Il y a, peut-être, cependant, une part de vérité dans les résultats du sondage publié : une majorité de la population veut garder espoir. Elle est contrainte, faute de choix, de faire confiance à la coalition actuelle, qui regroupe quatre partis de droite. Pas un seul tunisien ne veut penser aux conséquences de son échec, pourtant probable. Il y a une conviction générale, savamment entretenue par les médias, que le parti majoritaire, qui domine, actuellement, l’Assemblée des Représentants du Peuple, est la seule et ultime chance pour éviter une évolution, inéluctable – en raison de l’intensité des dissensions et de la lutte pour le pouvoir, entre différentes factions politiques–, vers le chaos et la guerre civile. Pour sortir d’une conjoncture catastrophique, redresser la situation économique, et affronter, d’une façon efficace, le péril terroriste, personne, par contre, ne se fait d’illusions quant aux compétences réelles, politiques, de gestion et de commandement des chefs et principaux dirigeants, vainqueurs du  dernier scrutin. Tous, ou leurs représentants, actuellement au gouvernement, et dans le staff Présidentiel, semblent attendre une inspiration de l’extérieur, pour affronter les multiples problèmes, qu’ils ont la charge de résoudre. Même ceux dont le champ de responsabilité relève du domaine social, et exige une solution de l’intérieur, la réforme du système de l’éducation, de la santé ou de la justice, par exemple. Cet aveu d’incompétence de la nouvelle équipe au pouvoir, dont les principales figures ont, pourtant, fait de leur expérience et de leur savoir-faire, leur principal atout électoral, est consternant. Il s’est traduit, en pratique, par une totale dépendance de l’étranger, encore plus marquée et plus intense que sous l’ancien régime, et qui a donné lieu à des situations tragi-comiques où l’Etat tunisien s’est ridiculisé dans des prises de position contradictoires, et des attitudes, inédites et très insolites  dans les annales diplomatiques; face, par exemple, aux derniers évènements en Libye et les incursions de rétorsion de l’armée égyptienne à l’intérieur du territoire de ce pays. Sur le plan intérieur, c’est le blocage. Les ministres font du surplace, essayant de gagner du temps, et de donner le change par la multiplication de visites inopinées et de vagues promesses de réformes. L’insuffisance de la plupart d’entre eux est flagrante.

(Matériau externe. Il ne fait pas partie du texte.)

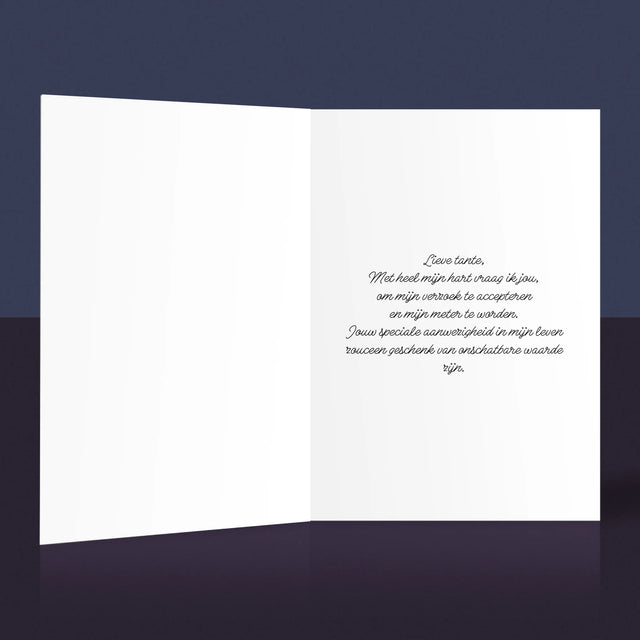 Fotocollage: Verzoek Om Meter Te Worden - Wenskaart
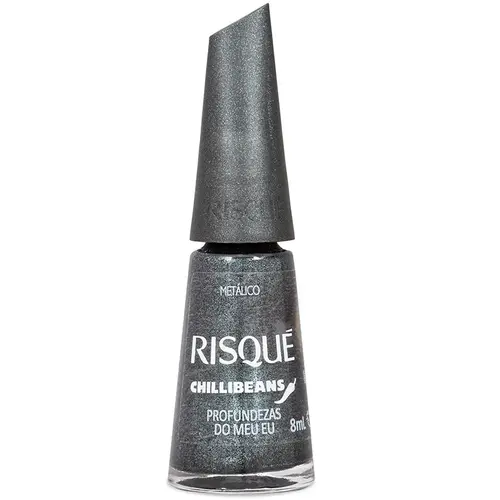 Risqué & Chilli Beans Esmalte Metálico 8ml - Profundezas do Meu Eu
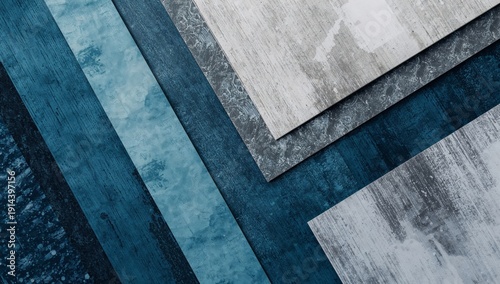 Different Colors of Textured Materials Arranged on a Flat Surface With Variou...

La situation actuelle dans le pays n’est pas nouvelle. Elle est celle, en plus sombre et plus dramatique, qui prévalait sous l’ancien régime. Ce dernier est mort et enterré. Mais la Tunisie, telle qu’il l’avait laissée n’a pas beaucoup évolué. La frange la plus aisée, la plus influente, politiquement, la plus puissante, économiquement, celle qui a toujours su garder d’étroits liens avec l’étranger, très conservatrice, malgré son discours pseudo-libéral, pseudo-moderniste, continue à s’opposer à toute véritable réforme, en profondeur, qui risque de mettre en danger un équilibre social et régional, injuste, quasi féodal, qui sert, cependant, au mieux ses intérêts. Elle continue, sans avoir, apparemment, rien appris de ses erreurs passées, à vouloir résister à de violents vents de changement et à ignorer toutes les mutations qui ont, totalement, transformé, sur le plan intérieur, la physionomie de la population et de ses principales composantes, et sur le plan extérieur, l’équilibre géopolitique dans le monde et dans la région du Moyen-Orient et de l’Afrique du Nord. Vieillie, sclérosée, incapable d’imaginer un nouveau projet pour le pays, elle reste prisonnière de ses convictions et certitudes, totalement désavouée par de nouvelles générations, très déçues, qui continuent à ignorer un système politique dont ils continuent à en être totalement exclus, au profit de leurs ainés, dont les recettes, ont largement fait leur temps.